The framework is not a syllabus. Individual states and territories adopt V9 and then translate it into their own syllabuses, which means you will find differences in terminology, pacing and assessment guidance depending on where you teach. ACARA sets the architecture; your state or territory authority fills in the detail.
This distinction matters for teachers more than it might seem. When a colleague in another state describes how they’ve structured their unit around a particular content description, they may be working from a state syllabus that interprets V9 differently. The underlying V9 content description is the same; what surrounds it – the elaborations, the assessment guidance, the sequencing recommendations – can vary considerably.
V9 is also not the same as a programme of work. ACARA describes what students should learn and be able to do by the end of each year level or band. How teachers get there – the lessons, the resources, the daily sequencing – remains a matter of professional judgement. The curriculum sets the destination; the teacher plots the route.
What Changed from V8.4 to V9?
The shift from V8.4 to V9 was substantial. ACARA’s 2022 review touched every learning area and most structural elements of the curriculum. Understanding the changes is essential if you are planning units, updating scope-and-sequence documents, or reviewing assessment against achievement standards.
A useful way to frame the V9 changes is this: V8.4 told you a great deal about what students should engage with; V9 is more precise about what they should actually be able to do. That shift from breadth to precision runs through almost every change listed below.
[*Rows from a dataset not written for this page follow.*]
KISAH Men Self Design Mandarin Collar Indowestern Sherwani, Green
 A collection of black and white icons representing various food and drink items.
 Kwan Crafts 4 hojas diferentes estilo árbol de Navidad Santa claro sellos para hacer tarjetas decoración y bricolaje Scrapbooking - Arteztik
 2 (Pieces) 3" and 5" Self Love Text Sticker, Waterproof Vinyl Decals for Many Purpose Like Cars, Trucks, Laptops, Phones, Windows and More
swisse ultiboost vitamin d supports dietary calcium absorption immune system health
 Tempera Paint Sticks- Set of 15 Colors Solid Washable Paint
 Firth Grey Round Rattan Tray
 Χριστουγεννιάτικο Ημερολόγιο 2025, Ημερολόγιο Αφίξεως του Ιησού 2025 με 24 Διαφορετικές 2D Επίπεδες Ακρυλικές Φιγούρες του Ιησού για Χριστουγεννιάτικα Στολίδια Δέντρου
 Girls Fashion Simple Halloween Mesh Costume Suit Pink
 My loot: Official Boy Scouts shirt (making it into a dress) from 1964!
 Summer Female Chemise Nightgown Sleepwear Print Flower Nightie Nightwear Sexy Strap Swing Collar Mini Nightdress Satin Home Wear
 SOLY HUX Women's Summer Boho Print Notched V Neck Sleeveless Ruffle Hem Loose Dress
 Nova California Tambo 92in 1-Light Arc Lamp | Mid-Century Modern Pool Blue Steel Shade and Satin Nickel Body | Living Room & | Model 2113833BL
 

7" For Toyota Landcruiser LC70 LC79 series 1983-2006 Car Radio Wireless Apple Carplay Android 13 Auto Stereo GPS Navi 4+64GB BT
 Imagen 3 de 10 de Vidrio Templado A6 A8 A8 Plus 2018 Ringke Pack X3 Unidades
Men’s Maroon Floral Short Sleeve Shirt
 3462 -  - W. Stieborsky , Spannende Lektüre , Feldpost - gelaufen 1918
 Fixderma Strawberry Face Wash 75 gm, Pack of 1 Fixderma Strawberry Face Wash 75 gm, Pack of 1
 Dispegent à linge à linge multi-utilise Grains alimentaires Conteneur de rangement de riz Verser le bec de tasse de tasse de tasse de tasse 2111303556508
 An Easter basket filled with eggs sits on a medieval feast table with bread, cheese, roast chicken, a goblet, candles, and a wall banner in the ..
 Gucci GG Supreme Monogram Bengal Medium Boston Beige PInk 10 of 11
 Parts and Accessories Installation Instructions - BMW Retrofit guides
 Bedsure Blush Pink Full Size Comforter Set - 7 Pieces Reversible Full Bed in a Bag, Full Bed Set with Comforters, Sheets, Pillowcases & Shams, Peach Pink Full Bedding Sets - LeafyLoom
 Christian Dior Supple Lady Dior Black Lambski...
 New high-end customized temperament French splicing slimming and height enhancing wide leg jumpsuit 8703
The most significant changes were:
Fewer, sharper content descriptions. V8.4 was widely criticised for overcrowding. V9 reduced the total number of content descriptions across the curriculum and rewrote them to be clearer and more teachable. Each description now signals a more defined outcome rather than bundling multiple skills into one statement.
Refined achievement standards. The achievement standards in V9 are written at a finer grain and aligned more explicitly to content descriptions. Teachers moving from V8.4 will notice that the standards feel more usable for planning backwards from the end point of a unit.
Updated general capabilities. V8.4 had seven general capabilities. V9 retained all seven but significantly revised the frameworks behind each one. The ICT competence capability was replaced by Digital Literacy – a structural change that moves digital skills away from a standalone technology lens and into a cross-curriculum habit of mind. The other six capabilities – Literacy, Numeracy, Critical and Creative Thinking, Personal and Social Capability, Ethical Understanding, and Intercultural Understanding — were rewritten with clearer progressions and stronger links to learning area content.
For a full breakdown of all seven general capabilities and how they embed across subjects, see the general capabilities guide.
Revised cross-curriculum priorities. The three priorities – Aboriginal and Torres Strait Islander Histories and Cultures, Asia and Australia’s Engagement with Asia, and Sustainability – were retained but given updated priority elaborations. The aim was to move them from optional enrichment to genuine integration points within content descriptions and achievement standards.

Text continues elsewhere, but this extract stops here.